Dorothea Bakker ist Müllers Counterpart im Content Marketing. Und was für Müller das Keyword für die nächste Anzeige ist, ist für Bakker der Schlüssel zu gutem Content. „Wir versuchen, bei jedem neuen Produkt einen halben Tag Zeit in die Recherche zu investieren“, sagt sie. Recherche bedeutet: Keyword-Analyse, schauen was der Wettbewerb macht und definieren, was das zu platzierende Produkt eigentlich gut kann.
Bakker weiß, dass der Verkaufserfolg der Produkte unter anderem davon abhängt, bei Amazon sehr gut gefunden zu werden. Ähnlich wie bei Google gibt es eine Reihe von Relevanz-Faktoren. Die wichtigsten aus Sicht von Amazon sind Conversions und Marge. Danach folgen die Klassiker wie Keywords, Verweildauer der User, Bewertungsdurchschnitt und vieles mehr.
Für die Inhalte auf der Produktseite ist bei Sellvin Bakkers Team zuständig. Und dessen Daseinsberechtigung wird durch den Verkaufserfolg definiert. Insofern ziehen Müller und Bakker am gleichen Strang.

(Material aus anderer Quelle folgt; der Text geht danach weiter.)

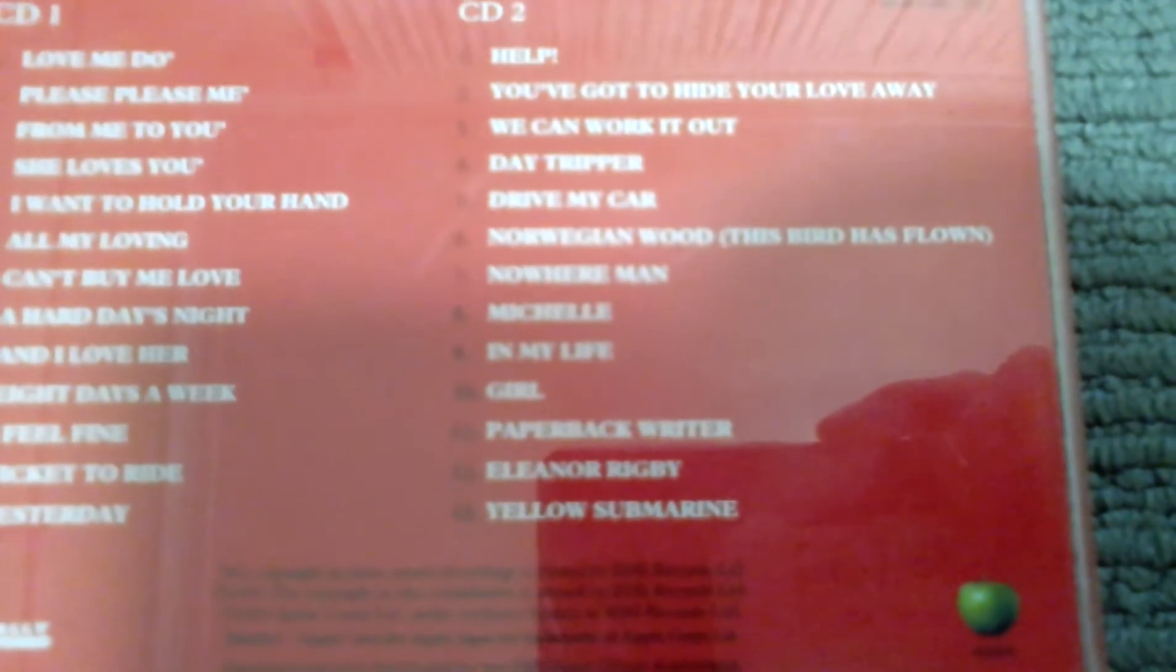Songs are Love Me Do, Please Please Me, From Me to You, She Loves You, I Want to Hold Your Hand, All My Loving, Can't Buy Me Love, Hard Day's Night, And I Love Her, Eight Days a Week, I Feel Fine, Ticket to Ride, Yesterday, Help, You've Got to Hide Your Love Away, We Can Work It Out, Day Tripper, Drive My Car, Norwegian Wood, Nowhere Man, Michelle, In My Life, Girl, Paperback Writer, Eleanor Rigby, and Yellow Submarine.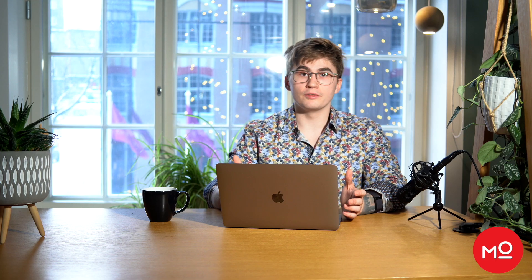So for example, if you're Audi, the mention might be @Audi. Or if your campaign is for Nike and the hashtag associated with the campaign is just do it, if all your creators will put hashtag just do it, then you can include that hashtag. As long as Modash sees one of these indicators on the content, it'll grab the content and put it in your campaign for you.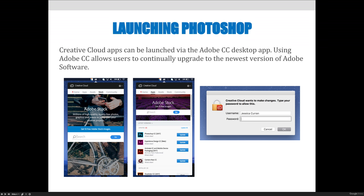You'll also see that there are some other options. There's assets, stock images, community. Adobe is really trying to create a one-stop shop for graphic artists where you can get your stock images, where in the past you may have gotten them from GettyImages.com. If you needed them for a project, you could pay and license photographs. Now you can get stock images from Adobe.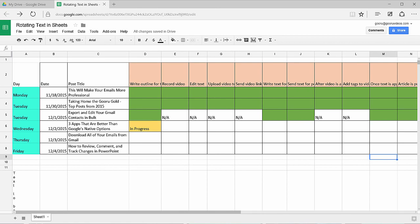Hey everybody, welcome back. Today I'm going to show you how to rotate your text in a Google spreadsheet. It's an option you might have seen in Excel, and it's also available in Google Spreadsheets, although it is a little bit of a workaround.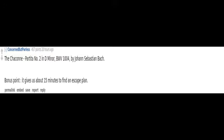I vote we rickroll them. The Chaconne, Partita No. 2 in D minor, BWV 1004 by Johan Sebastian Bach. Bonus point, it gives us about 15 minutes to find an escape plan.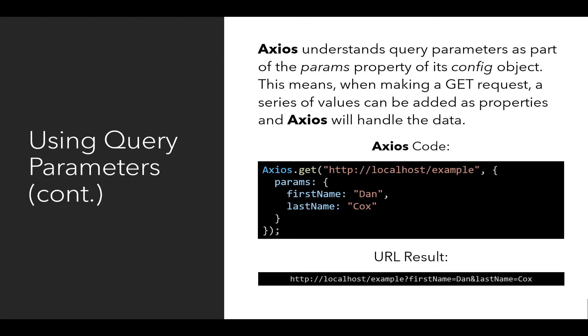Then, as a second argument to the get method, we have its config object. Within this, we have a property called params. In this particular case, in the Axios code on the slide, params has two properties. First name, which has the value Dan, and last name, which has the value Cox.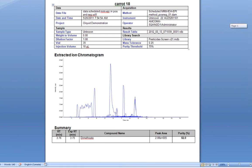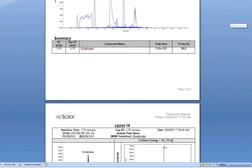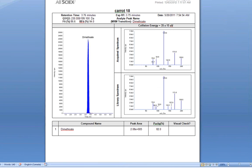In my carrot sample, we can see that I have one positive hit. This is for dimethoate.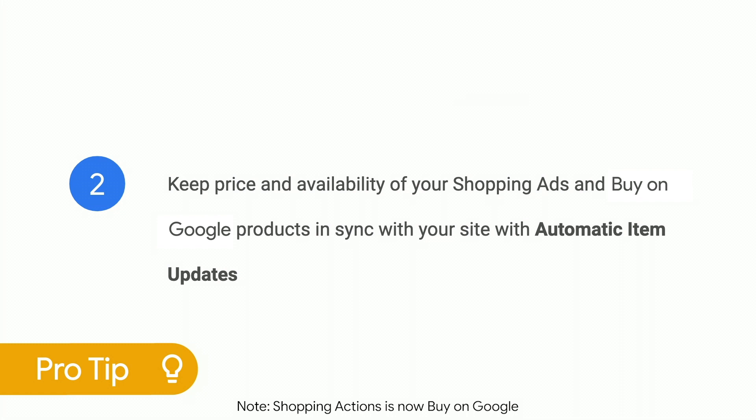Number two, did you know about automatic item updates? This Merchant Center feature updates the price and availability of your products based on your site information. This feature affects both shopping ads and shopping actions.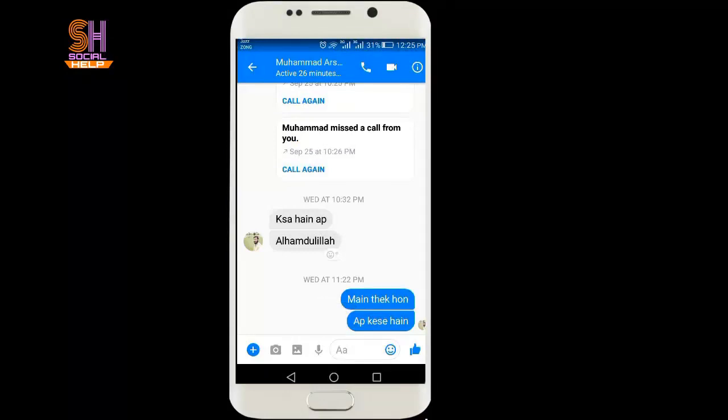So friends, this is how you can delete a specific or single message from the conversation. And secondly, I will tell you how to delete the entire conversation with your friend.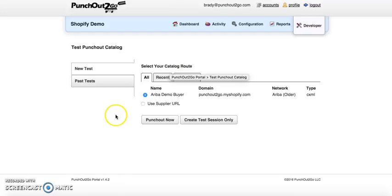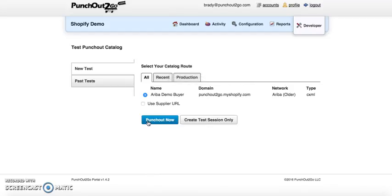In this case it's going to be from Ariba. So we'll be able to emulate the punch out catalog utilizing the PunchOut2Go portal.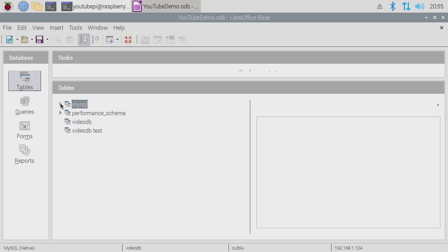Now we're inside LibreOffice Base, connected to the MariaDB databases running on the 8GB Raspberry Pi, accessed from the Raspberry Pi 400. I can now run queries, make tables, import data, and do all kinds of things from here without needing the command line. That's pretty much it for the video — please check out the description for all the referenced documents. If you have any questions feel free to let me know, and thank you for watching!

„Wir tauschen uns permanent aus“, sagt Müller, der seine Daten zum Beispiel aus der Analyse der direkten und verwandten Suchbegriffe holt. Bakker kann derweil Keywords beisteuern, die sie in den Produktbewertungen gefunden hat. „Wenn viele User ein bestimmtes Problem haben, könnte das spannender Content für die Produktbeschreibung sein.“ Der User-Centric-Ansatz.
Permanente Strategieoptimierung
Für Sellvin gibt es also nicht „die“ Amazon-Strategie. Sie ist ein lebendes Gebilde, dass sich ständig ändert, abhängig von dem, was der User macht, wie der Wettbewerb sich verhält oder was in der Welt passiert. „Natürlich haben wir geschaut, welches der Produkte einen Bezug zum Homeoffice hat“, sagt Bakker. Fündig geworden sind sie zum Beispiel bei einem Rückenstützkissen, dass die Tage im Heimbüro weniger anstrengend macht. Die Kommunikation wurde entsprechend für den zeitweise populären Suchbegriff „Homeoffice“ angepasst.
In den vergangenen Jahren haben die Kölner sehr viel Energie in die Optimierung der Bilder ihrer Produkte gesteckt. „Gute Bilder sind einer der wichtigsten Conversion-Treiber“, weiß Bakker. Und, sie erzeugen einen kleinen Abstand zur Konkurrenz, die sich vielleicht keinen professionellen Fotografen leistet.
Die Auswahl der Perspektiven, aus denen ein Produkt fotografiert wird, fällt nach einer Vorrecherche. „Wir versuchen, die zentralen Eigenschaften des Produkts auch im Bild zu zeigen“, sagt Bakker. Zum entsprechenden Foto aus der passenden Perspektive gehöre eventuell auch noch eine textliche Erklärung oder eine Analogie, um den User näher zum Produkt zu führen. Bakker sagt: „Wenn die Größe eines Produkts eine Rolle spielt, achten wir bei den Fotos darauf, dass eine menschliche Hand zu sehen ist.“
Sellvin will auch eine Marke sein
Aber für Sellvin geht es um mehr, als nur Pakete zu packen. Das Unternehmen will eine Marke sein und dies auf Amazon inszenieren. „Im Rahmen des A+-Content haben wir inzwischen viel mehr Möglichkeiten, unsere Marken darzustellen“, erklärt Bakker. Aktuell testet Amazon auch gerade, wie man die Bedeutung der Marken stärken kann. Die Links unter den Produkttiteln, die zum Konto des Verkäufers führen, durchlaufen gerade ein paar Experimente.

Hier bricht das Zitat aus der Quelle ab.